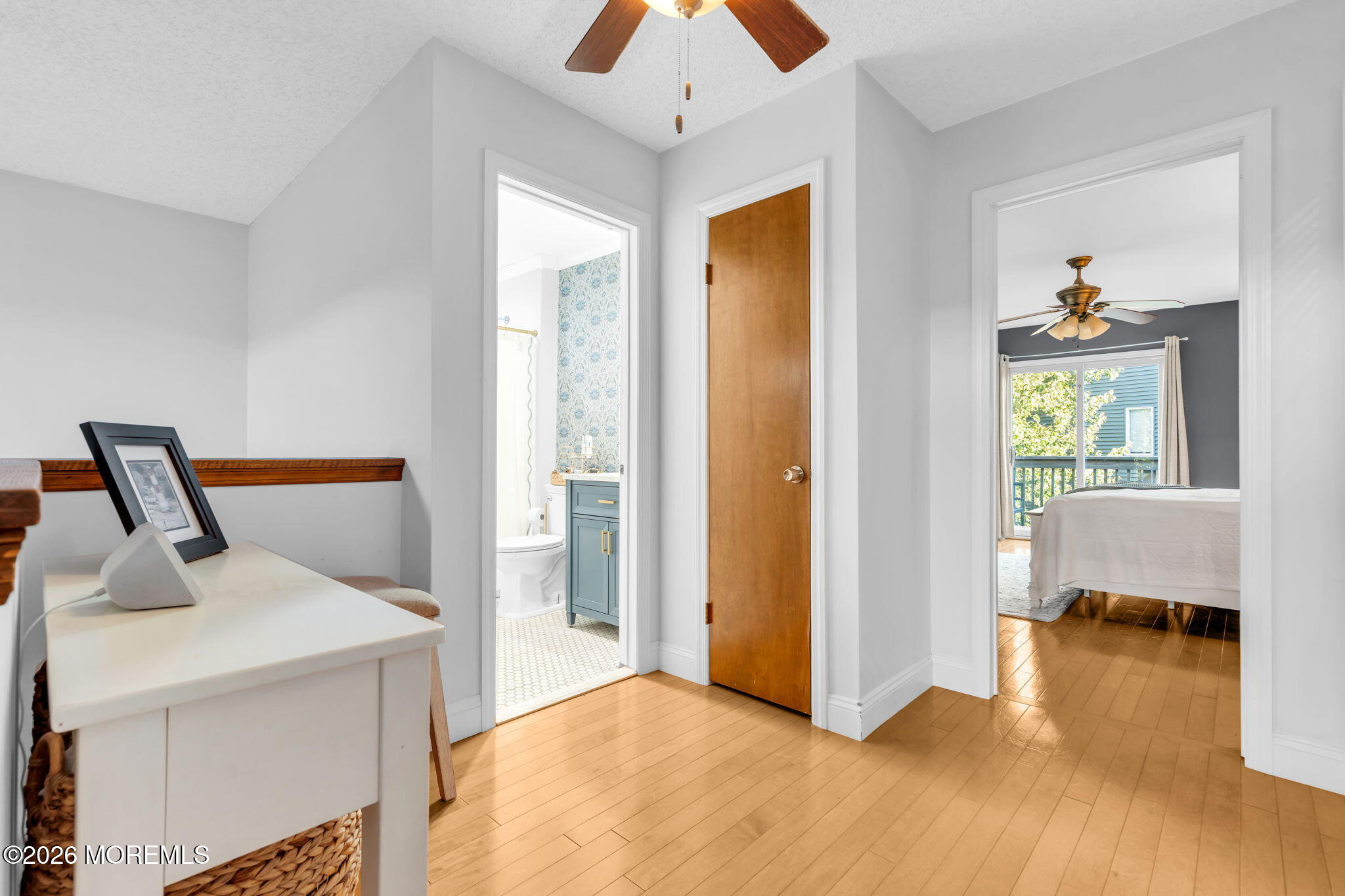40 Shore Drive Long Branch NJ 07740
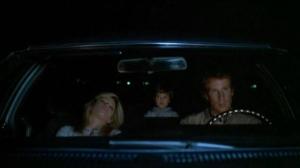 Кадры из фильма Тихая ночь, смертельная ночь / Silent Night, Deadly Night (1984)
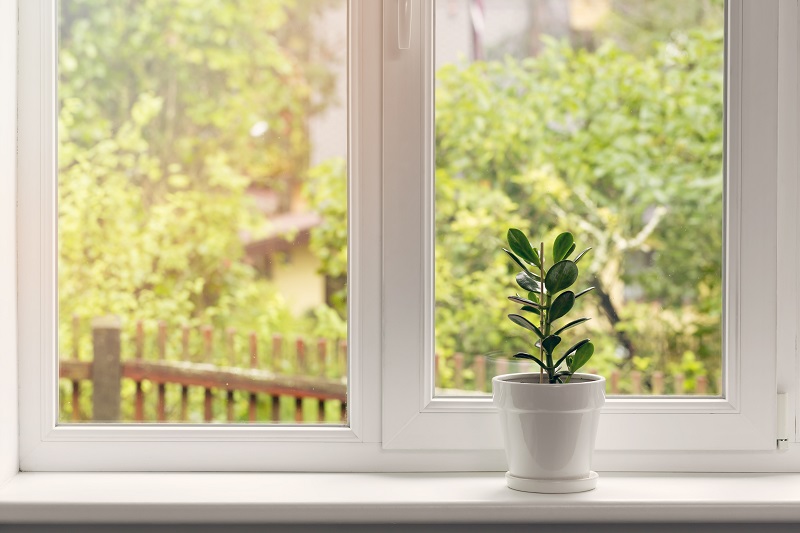 Sostenibilità ambientale, l’impegno di VEKA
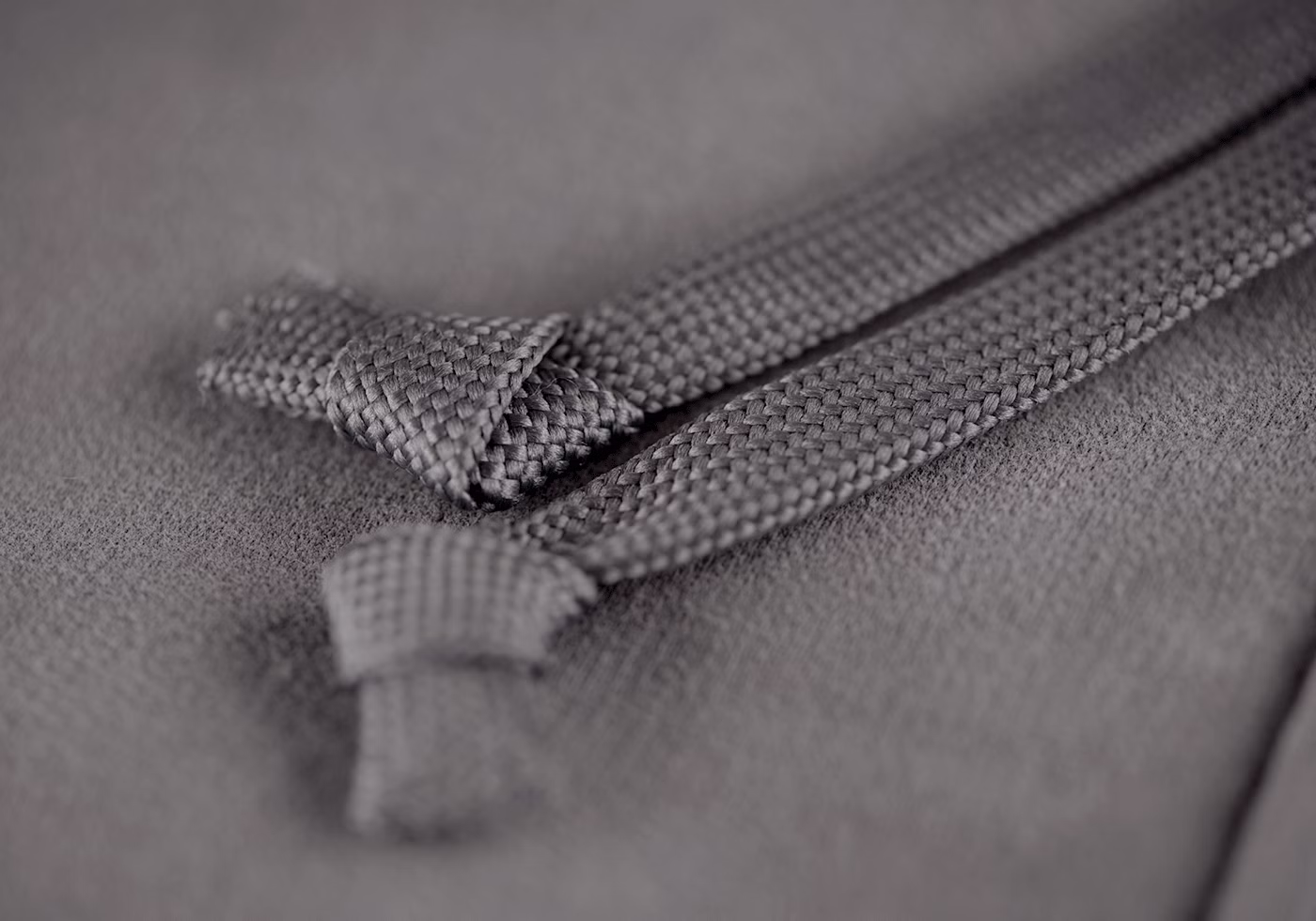 CG-Logo-Zip-Hoodie-Wolf-Grey-cg34254large7.jpeg CG-Logo-Zip-Hoodie-Wolf-Grey-cg34254large7.jpeg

------------------------

> _Directions for this task_
Write out the whole listing exactly, and drop the pictures.

> _Output of the task_
40 Shore Drive Long Branch NJ 07740
 Кадры из фильма Тихая ночь, смертельная ночь / Silent Night, Deadly Night (1984)
 Sostenibilità ambientale, l’impegno di VEKA
 CG-Logo-Zip-Hoodie-Wolf-Grey-cg34254large7.jpeg CG-Logo-Zip-Hoodie-Wolf-Grey-cg34254large7.jpeg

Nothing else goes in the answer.